Il fallimento di un’idea
L’eliminazione ai gironi è stata scritta prima che iniziasse la competizione; l’Uruguay è stato condannato da se stesso al momento delle convocazioni. A fallire non è stata la squadra, ma l’idea che questi giocatori potessero ancora farla una squadra; infatti molti di quelli che sono stati portati negli Stati Uniti (Muslera, Godin, Maxi e Alvaro Pereira, Fucile, Arevalo Rios, Lodeiro) hanno preso parte alle ultime cinque competizioni con la maglia della “celeste” (due Mondiali e tre Copa America). Sei anni in cui la spina dorsale della nazionale non cambia, e non sempre è un fatto positivo. Perché poi arrivi ad un punto di rottura e le cose che prima facevi ad occhi chiusi, ora fatichi solo a pensarle. E’ normale e fisiologico. L’età per alcuni giocatori, la mancanza di motivazioni per altri sono fattori che messi insieme hanno portato al fallimento della “celeste” e nemmeno un uomo di grande esperienza come Tabarez è riuscito a salvare una situazione drammatica. Il “maestro“, forse, avrebbe dovuto capire che bisognava rinnovare e non fare affidamento sul blocco storico, ormai logoro.
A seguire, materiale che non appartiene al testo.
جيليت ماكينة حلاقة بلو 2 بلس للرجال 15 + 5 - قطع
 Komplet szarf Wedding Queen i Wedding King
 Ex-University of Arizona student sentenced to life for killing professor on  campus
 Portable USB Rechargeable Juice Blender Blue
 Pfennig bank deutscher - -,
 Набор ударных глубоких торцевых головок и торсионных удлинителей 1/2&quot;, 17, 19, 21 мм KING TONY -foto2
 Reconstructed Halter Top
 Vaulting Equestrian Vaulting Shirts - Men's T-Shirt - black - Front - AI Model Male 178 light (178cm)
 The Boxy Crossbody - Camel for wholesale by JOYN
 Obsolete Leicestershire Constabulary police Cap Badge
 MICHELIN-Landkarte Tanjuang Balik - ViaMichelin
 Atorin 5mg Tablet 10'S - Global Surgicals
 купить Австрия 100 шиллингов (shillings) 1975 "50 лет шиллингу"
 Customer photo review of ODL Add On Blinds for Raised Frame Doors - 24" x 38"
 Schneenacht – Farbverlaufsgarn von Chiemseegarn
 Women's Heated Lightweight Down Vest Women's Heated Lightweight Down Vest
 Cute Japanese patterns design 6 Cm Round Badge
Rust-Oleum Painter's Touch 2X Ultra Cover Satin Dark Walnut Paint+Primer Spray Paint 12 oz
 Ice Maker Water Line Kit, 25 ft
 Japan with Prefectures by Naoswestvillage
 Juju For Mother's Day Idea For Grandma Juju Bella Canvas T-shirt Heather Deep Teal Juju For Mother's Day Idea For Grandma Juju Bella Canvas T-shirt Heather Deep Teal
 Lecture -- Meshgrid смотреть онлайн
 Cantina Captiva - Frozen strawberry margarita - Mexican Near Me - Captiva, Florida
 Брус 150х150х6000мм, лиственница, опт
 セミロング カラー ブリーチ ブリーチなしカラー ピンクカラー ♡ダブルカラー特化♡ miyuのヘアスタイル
Cavani, la stella che non brilla
Anche il matador fa parte di quella serie di giocatori che dal 2010 ad oggi non ha saltato un torneo con la sua nazionale. Ma con lui si può fare un’eccezione perché, insieme a Suarez, è la stella della “celeste“. Ecco, in queste due partite Cavani non è riuscito a brillare come suo solito; nervoso e poco concreto sotto porta (l’errore nella gara con il Venezuela ha del clamoroso). Anche nella passata edizione della Copa, l’attaccante attualmente al Psg, aveva mostrato segni di nervosismo. Guarda caso sono le due competizioni dove l’Uruguay ha dovuto fare a meno di Suarez; forse il matador sente troppa pressione addosso, sente, in assenza del “pistolero“, la responsabilità di dover essere il leader e il trascinatore della nazionale. Oppure che sia arrivato anche per lui il momento di farsi da parte?
Ricambio generazionale
Il prossimo impegno della “celeste” è il Mondiale del 2018 in Russia. Bisognerà arrivarci con forze fresche perché passi falsi non sono più ammessi. Ringiovanire: questa deve essere la parola chiave. Il compito per Tabarez (se tra due anni sarà ancora lui l’allenatore) non è così arduo. Molti giovani sono stati lasciati a casa già prima della Copa e alcuni possono davvero essere il futuro di questa nazionale. De Arrascaeta, Gaston Pereiro, Rodrigo Amaral, Agustin Ale rappresentano il futuro e chissà che alcuni di loro non li vedremo protagonisti al prossimo Mondiale.
La Copa America Centenario è stata un vero e proprio fallimento per l’Uruguay. Un punto basso da cui ripartire, anzi rifondare una nazionale per tornare ad essere protagonisti.